- [RECORDS FOR THE EXERCISE]
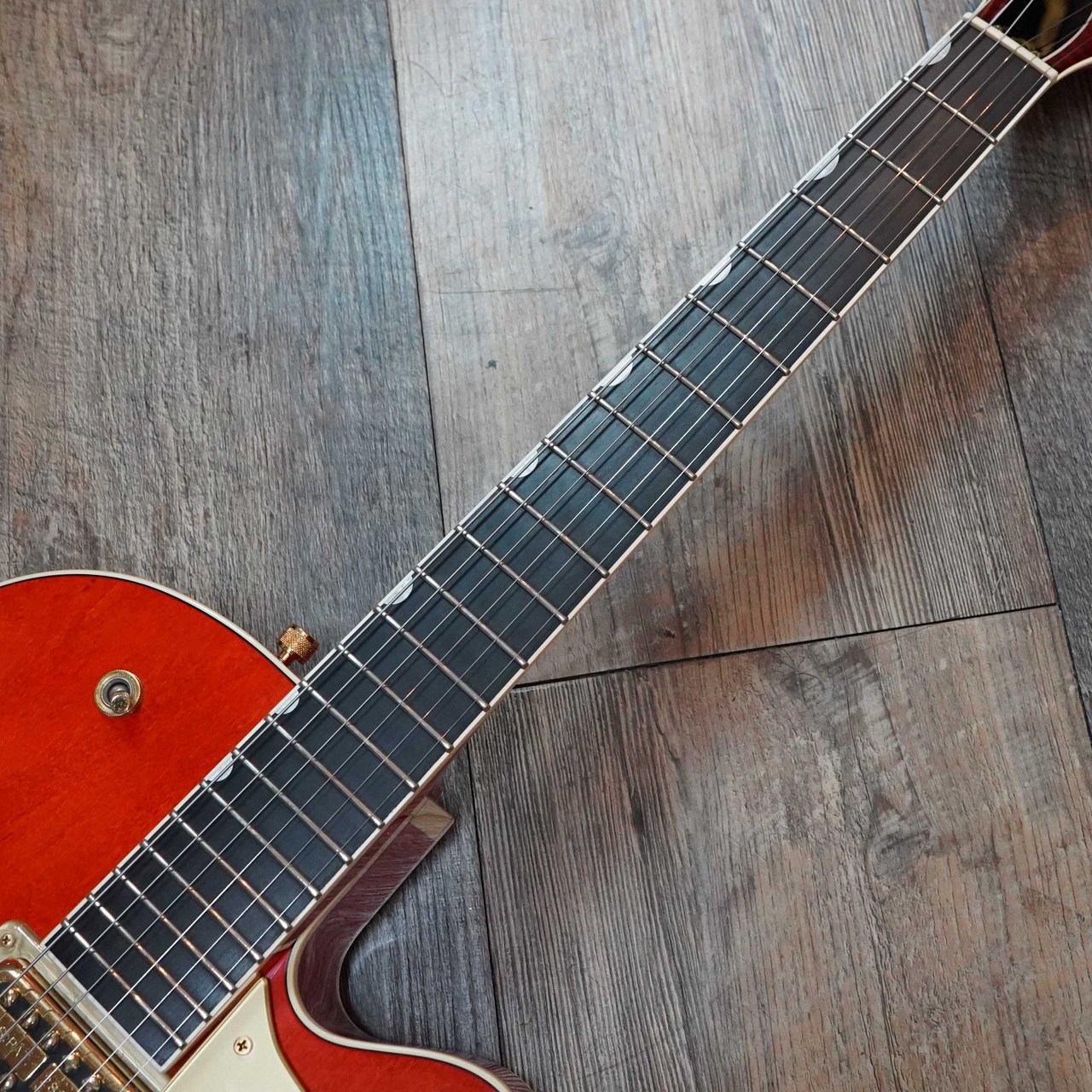 Gretsch G6120 Chet Atkins Nashville 2013（中古）【楽器検索デジマート】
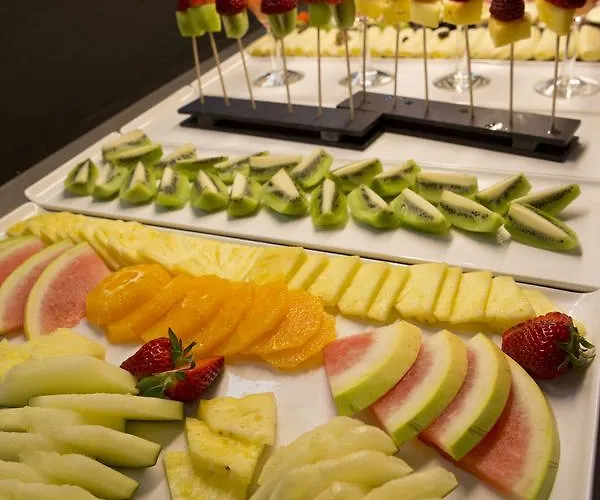 The Arc Carris شقة *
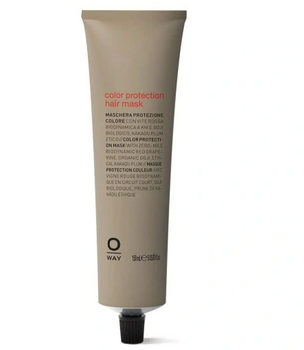 OWay Color Protection Hair Maska 150 ml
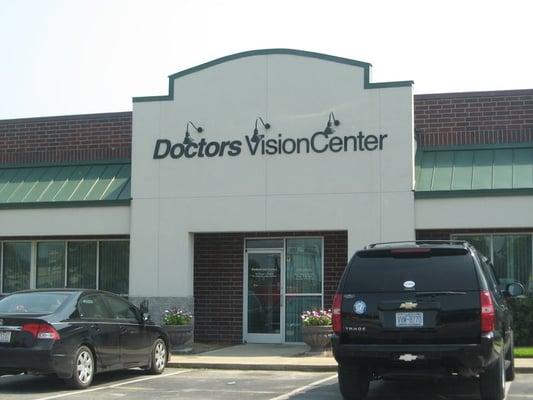 Doctors Vision Center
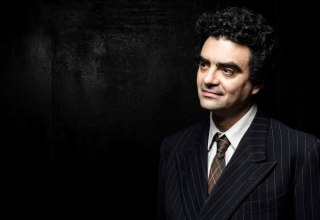 © © Deutsche Grammophon © © Deutsche Grammophon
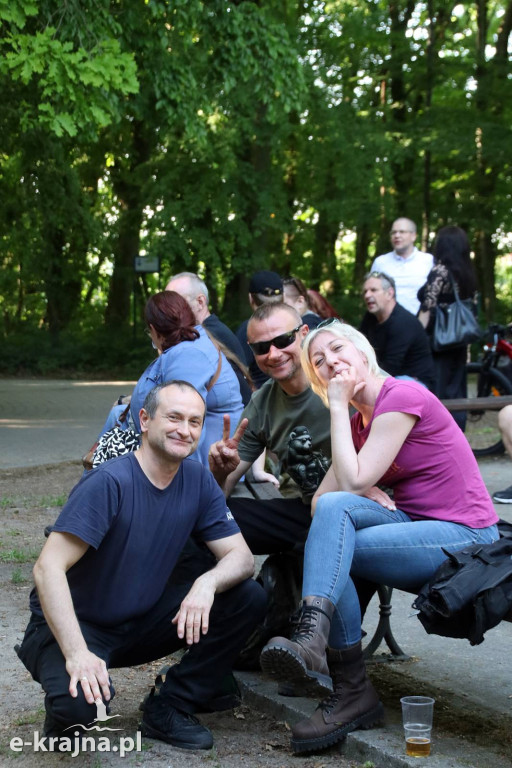 II WięcROCK Festiwal w Więcborku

- [THE TASK] Print each record exactly as it stands, leaving the images out.

- [TASK RESPONSE]
 Gretsch G6120 Chet Atkins Nashville 2013（中古）【楽器検索デジマート】
 The Arc Carris شقة *
 OWay Color Protection Hair Maska 150 ml
 Doctors Vision Center
 © © Deutsche Grammophon © © Deutsche Grammophon
 II WięcROCK Festiwal w Więcborku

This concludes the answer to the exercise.